Scraped caption text data:
________________________

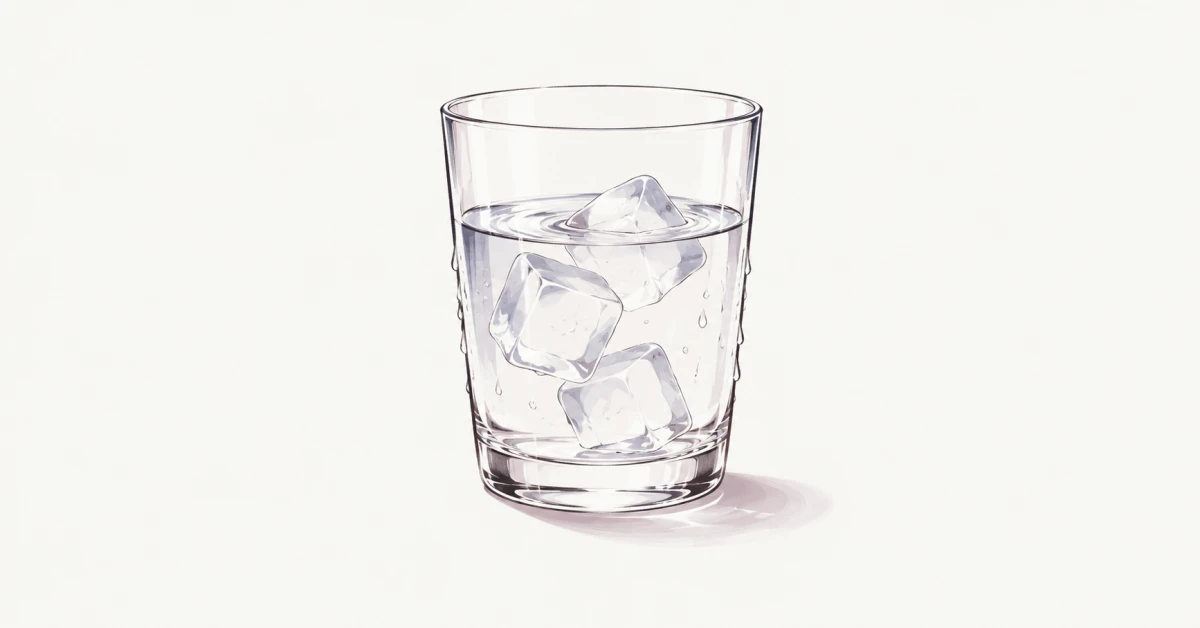 Illustration of a glass of cold water with melting ice.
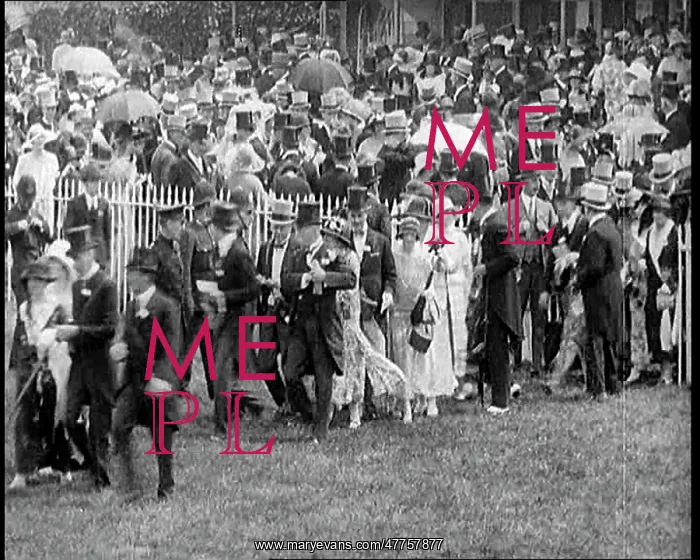 : A Group of Race Goers Standing In Line at Ascot : A Group of Race Goers Standing In Line at Ascot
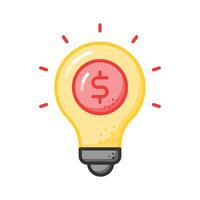 dollaro dentro lampadina raffigurante innovativo idea, finanziario idea icona design vettore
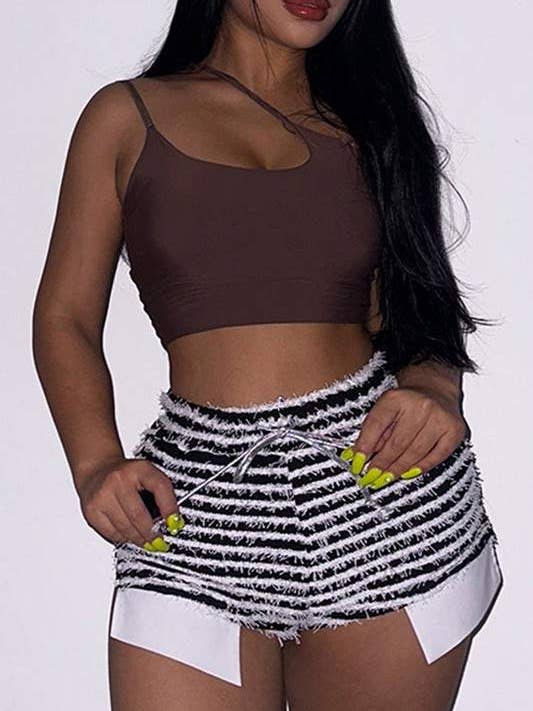 BLACK stripy high waist hot shorts for wholesale on Faire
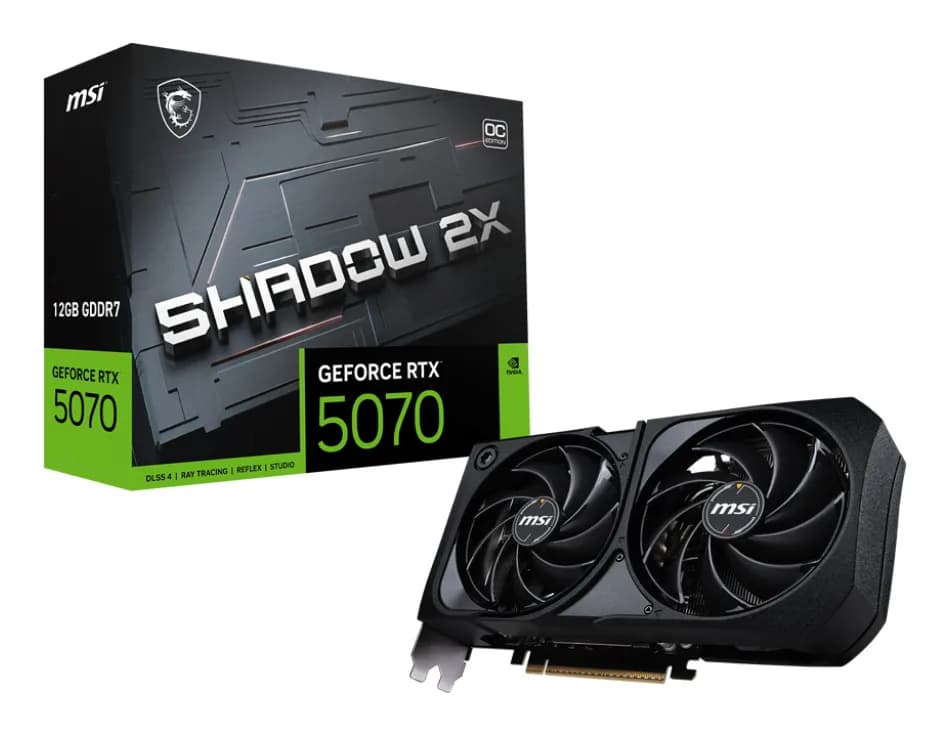 MSI Video Card Nvidia GeForce RTX 5070 12G SHADOW 2X OC (12GB GDDR7/192bit, 3xDP, 1xHDMI, PCIe Gen 5, Recommended PSU 650W) Retail "RTX 5070 12G SHADOW 2X OC"
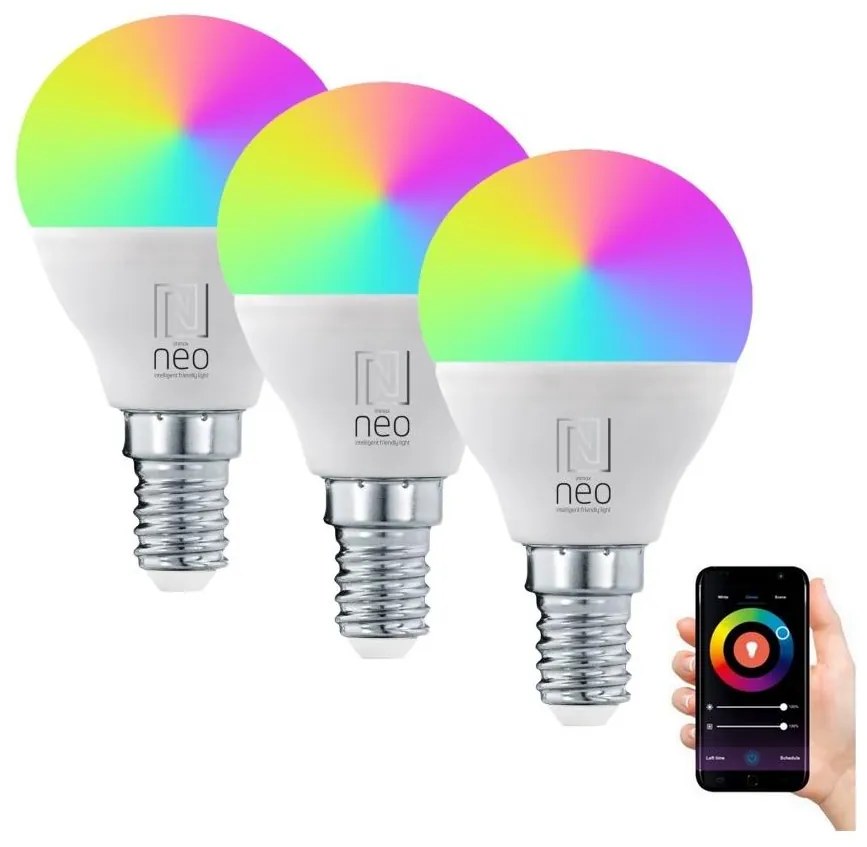 Immax NEO - KÉSZLET 3xLED RGB+CCT Dimmelhető izzó E14/6W/230V 2700-6500K Wi-Fi Tuya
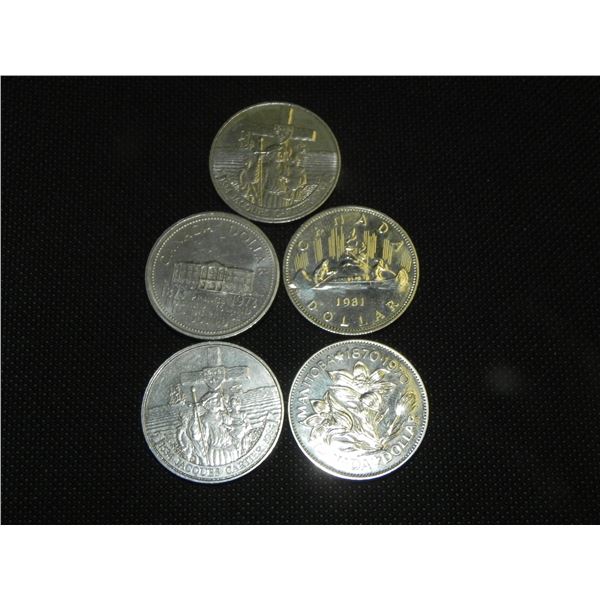 Lot of 5 Canada | $1 Dollar Coins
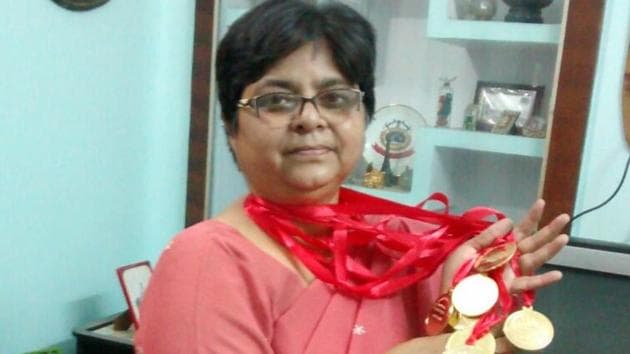Dr Vinita Vijai née Srivastav, now an associate professor and head of the mathematics department of Lucknow’s 130-year-old Isabella Thoburn College, proudly displays the medals she won for mathematics. Dr Vinita Vijai née Srivastav, now an associate professor and head of the mathematics department of Lucknow’s 130-year-old Isabella Thoburn College, proudly displays the medals she won for mathematics.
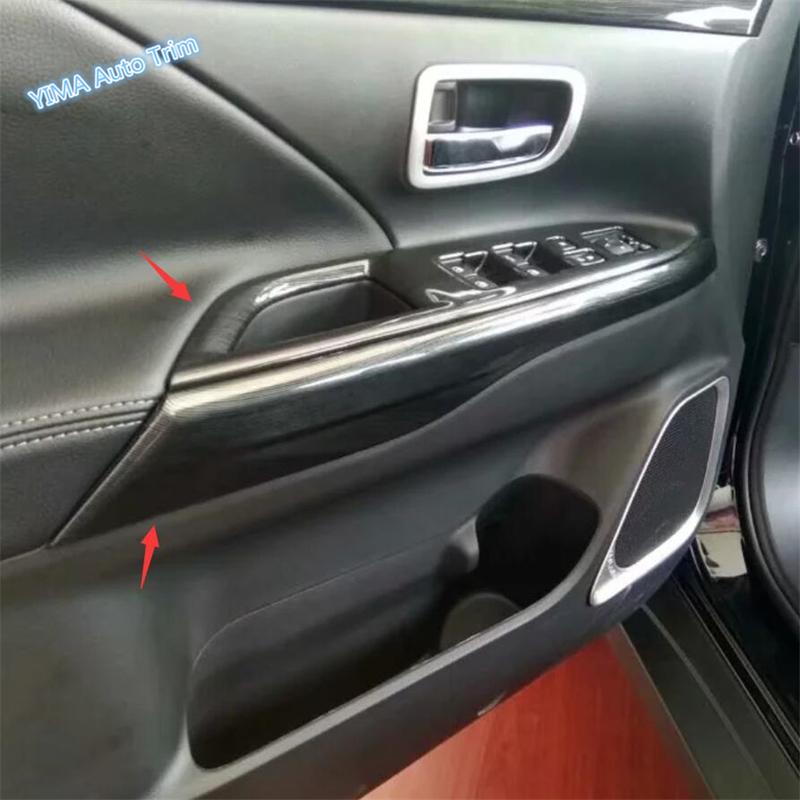 Black Brushed Auto Styling Door Armrest Window Lift Button Panel Cover Trim ABS Accessories For Mitsubishi Outlander 2014 -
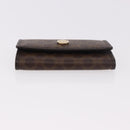 CELINE Macadam Canvas Key Case PVC Leather Black Gold Auth 184236V-4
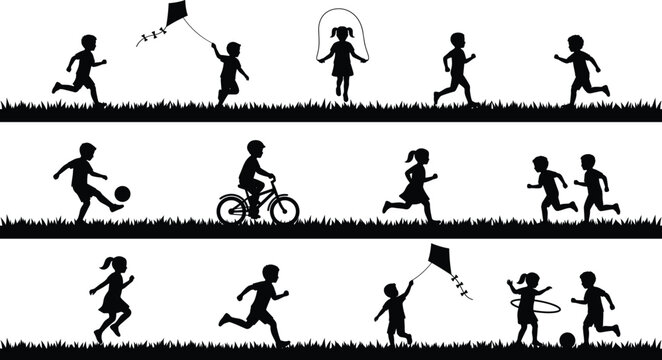 Silhouettes of children playing outdoor summer games and sports on grass field vector set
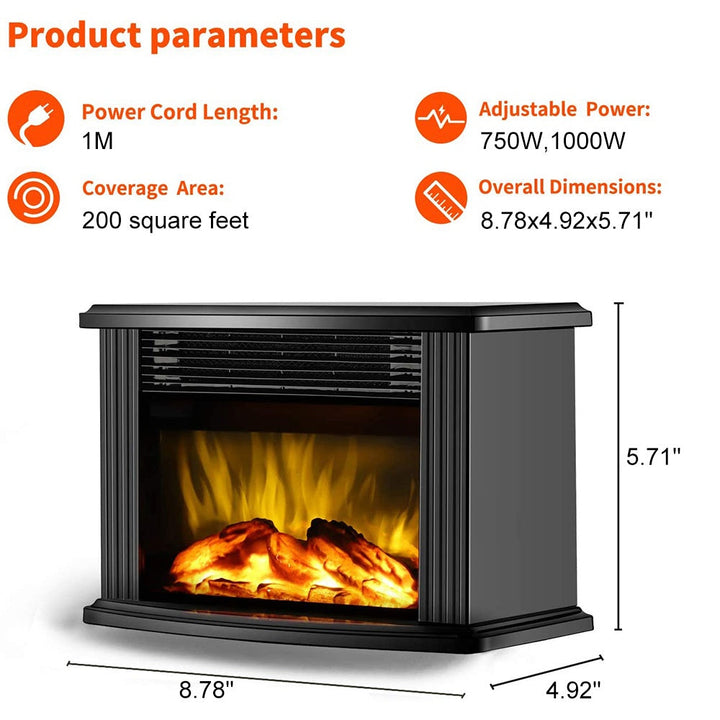 European Electric Fireplace Heater, LED Flame Effect, Stylish Indoor Heating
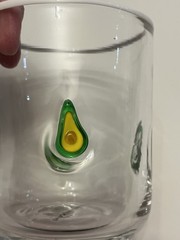 Anthropologie Avocado Pattern Tumbler Glass Clear With White Rim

________________________

→ **What to produce**
What is needed is an exact restatement of the lines from the line with "European Electric Fireplace" through the final line of the data, pictures excluded.

→ **Answer box**
 European Electric Fireplace Heater, LED Flame Effect, Stylish Indoor Heating
 Anthropologie Avocado Pattern Tumbler Glass Clear With White Rim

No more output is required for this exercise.